— Activity —
Provide an exact reproduction of every entry.

— Source information —
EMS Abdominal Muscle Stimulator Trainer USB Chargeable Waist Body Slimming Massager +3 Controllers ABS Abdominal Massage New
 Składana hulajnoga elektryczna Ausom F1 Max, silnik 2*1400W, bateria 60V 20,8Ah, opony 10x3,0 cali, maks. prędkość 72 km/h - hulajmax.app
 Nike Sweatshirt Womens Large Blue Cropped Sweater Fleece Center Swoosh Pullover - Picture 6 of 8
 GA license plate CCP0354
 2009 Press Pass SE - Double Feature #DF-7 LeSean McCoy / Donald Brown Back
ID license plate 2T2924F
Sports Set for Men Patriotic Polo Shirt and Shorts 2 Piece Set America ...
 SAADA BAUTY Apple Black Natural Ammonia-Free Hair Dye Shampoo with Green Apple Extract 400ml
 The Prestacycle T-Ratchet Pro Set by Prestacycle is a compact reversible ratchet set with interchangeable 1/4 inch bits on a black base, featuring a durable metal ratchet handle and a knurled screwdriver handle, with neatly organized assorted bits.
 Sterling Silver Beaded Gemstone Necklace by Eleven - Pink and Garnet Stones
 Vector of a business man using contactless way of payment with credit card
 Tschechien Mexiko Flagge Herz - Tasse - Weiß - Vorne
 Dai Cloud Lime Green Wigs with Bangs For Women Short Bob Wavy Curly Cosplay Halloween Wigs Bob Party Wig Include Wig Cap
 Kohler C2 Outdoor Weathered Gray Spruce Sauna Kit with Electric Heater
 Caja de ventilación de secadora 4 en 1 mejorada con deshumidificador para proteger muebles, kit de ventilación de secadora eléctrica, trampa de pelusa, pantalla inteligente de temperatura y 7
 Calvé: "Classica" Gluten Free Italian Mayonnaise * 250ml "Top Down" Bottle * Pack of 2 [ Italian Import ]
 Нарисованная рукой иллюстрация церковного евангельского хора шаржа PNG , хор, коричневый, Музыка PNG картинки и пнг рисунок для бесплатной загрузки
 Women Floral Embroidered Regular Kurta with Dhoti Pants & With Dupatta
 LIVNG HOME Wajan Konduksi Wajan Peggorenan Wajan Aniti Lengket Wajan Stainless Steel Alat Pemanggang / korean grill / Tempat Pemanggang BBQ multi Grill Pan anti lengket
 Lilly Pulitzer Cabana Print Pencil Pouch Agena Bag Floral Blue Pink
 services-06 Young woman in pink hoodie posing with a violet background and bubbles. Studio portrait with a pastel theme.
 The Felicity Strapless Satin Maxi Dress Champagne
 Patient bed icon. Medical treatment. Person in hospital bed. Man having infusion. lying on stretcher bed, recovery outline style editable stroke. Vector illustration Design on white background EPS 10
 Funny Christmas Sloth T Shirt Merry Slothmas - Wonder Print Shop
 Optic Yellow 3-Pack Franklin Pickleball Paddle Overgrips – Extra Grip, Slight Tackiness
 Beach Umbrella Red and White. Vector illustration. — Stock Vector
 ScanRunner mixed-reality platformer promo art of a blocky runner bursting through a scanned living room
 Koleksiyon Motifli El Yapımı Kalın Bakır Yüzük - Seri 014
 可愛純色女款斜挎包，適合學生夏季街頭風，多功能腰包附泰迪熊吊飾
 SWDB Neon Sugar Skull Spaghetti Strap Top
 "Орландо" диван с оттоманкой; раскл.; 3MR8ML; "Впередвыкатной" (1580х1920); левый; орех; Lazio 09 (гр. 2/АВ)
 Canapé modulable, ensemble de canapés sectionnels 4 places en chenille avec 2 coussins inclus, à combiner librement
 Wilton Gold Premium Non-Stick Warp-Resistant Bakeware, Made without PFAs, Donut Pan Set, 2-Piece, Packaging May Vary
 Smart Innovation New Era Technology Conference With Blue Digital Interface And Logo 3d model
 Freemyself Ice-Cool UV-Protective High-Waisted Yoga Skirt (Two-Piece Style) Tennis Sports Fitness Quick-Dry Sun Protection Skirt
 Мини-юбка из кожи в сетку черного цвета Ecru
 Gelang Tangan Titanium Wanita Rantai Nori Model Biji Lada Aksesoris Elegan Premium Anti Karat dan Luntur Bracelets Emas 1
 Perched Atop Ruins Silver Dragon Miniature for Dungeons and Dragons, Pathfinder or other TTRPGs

— Written reply —
EMS Abdominal Muscle Stimulator Trainer USB Chargeable Waist Body Slimming Massager +3 Controllers ABS Abdominal Massage New
 Składana hulajnoga elektryczna Ausom F1 Max, silnik 2*1400W, bateria 60V 20,8Ah, opony 10x3,0 cali, maks. prędkość 72 km/h - hulajmax.app
 Nike Sweatshirt Womens Large Blue Cropped Sweater Fleece Center Swoosh Pullover - Picture 6 of 8
 GA license plate CCP0354
 2009 Press Pass SE - Double Feature #DF-7 LeSean McCoy / Donald Brown Back
ID license plate 2T2924F
Sports Set for Men Patriotic Polo Shirt and Shorts 2 Piece Set America ...
 SAADA BAUTY Apple Black Natural Ammonia-Free Hair Dye Shampoo with Green Apple Extract 400ml
 The Prestacycle T-Ratchet Pro Set by Prestacycle is a compact reversible ratchet set with interchangeable 1/4 inch bits on a black base, featuring a durable metal ratchet handle and a knurled screwdriver handle, with neatly organized assorted bits.
 Sterling Silver Beaded Gemstone Necklace by Eleven - Pink and Garnet Stones
 Vector of a business man using contactless way of payment with credit card
 Tschechien Mexiko Flagge Herz - Tasse - Weiß - Vorne
 Dai Cloud Lime Green Wigs with Bangs For Women Short Bob Wavy Curly Cosplay Halloween Wigs Bob Party Wig Include Wig Cap
 Kohler C2 Outdoor Weathered Gray Spruce Sauna Kit with Electric Heater
 Caja de ventilación de secadora 4 en 1 mejorada con deshumidificador para proteger muebles, kit de ventilación de secadora eléctrica, trampa de pelusa, pantalla inteligente de temperatura y 7
 Calvé: "Classica" Gluten Free Italian Mayonnaise * 250ml "Top Down" Bottle * Pack of 2 [ Italian Import ]
 Нарисованная рукой иллюстрация церковного евангельского хора шаржа PNG , хор, коричневый, Музыка PNG картинки и пнг рисунок для бесплатной загрузки
 Women Floral Embroidered Regular Kurta with Dhoti Pants & With Dupatta
 LIVNG HOME Wajan Konduksi Wajan Peggorenan Wajan Aniti Lengket Wajan Stainless Steel Alat Pemanggang / korean grill / Tempat Pemanggang BBQ multi Grill Pan anti lengket
 Lilly Pulitzer Cabana Print Pencil Pouch Agena Bag Floral Blue Pink
 services-06 Young woman in pink hoodie posing with a violet background and bubbles. Studio portrait with a pastel theme.
 The Felicity Strapless Satin Maxi Dress Champagne
 Patient bed icon. Medical treatment. Person in hospital bed. Man having infusion. lying on stretcher bed, recovery outline style editable stroke. Vector illustration Design on white background EPS 10
 Funny Christmas Sloth T Shirt Merry Slothmas - Wonder Print Shop
 Optic Yellow 3-Pack Franklin Pickleball Paddle Overgrips – Extra Grip, Slight Tackiness
 Beach Umbrella Red and White. Vector illustration. — Stock Vector
 ScanRunner mixed-reality platformer promo art of a blocky runner bursting through a scanned living room
 Koleksiyon Motifli El Yapımı Kalın Bakır Yüzük - Seri 014
 可愛純色女款斜挎包，適合學生夏季街頭風，多功能腰包附泰迪熊吊飾
 SWDB Neon Sugar Skull Spaghetti Strap Top
 "Орландо" диван с оттоманкой; раскл.; 3MR8ML; "Впередвыкатной" (1580х1920); левый; орех; Lazio 09 (гр. 2/АВ)
 Canapé modulable, ensemble de canapés sectionnels 4 places en chenille avec 2 coussins inclus, à combiner librement
 Wilton Gold Premium Non-Stick Warp-Resistant Bakeware, Made without PFAs, Donut Pan Set, 2-Piece, Packaging May Vary
 Smart Innovation New Era Technology Conference With Blue Digital Interface And Logo 3d model
 Freemyself Ice-Cool UV-Protective High-Waisted Yoga Skirt (Two-Piece Style) Tennis Sports Fitness Quick-Dry Sun Protection Skirt
 Мини-юбка из кожи в сетку черного цвета Ecru
 Gelang Tangan Titanium Wanita Rantai Nori Model Biji Lada Aksesoris Elegan Premium Anti Karat dan Luntur Bracelets Emas 1
 Perched Atop Ruins Silver Dragon Miniature for Dungeons and Dragons, Pathfinder or other TTRPGs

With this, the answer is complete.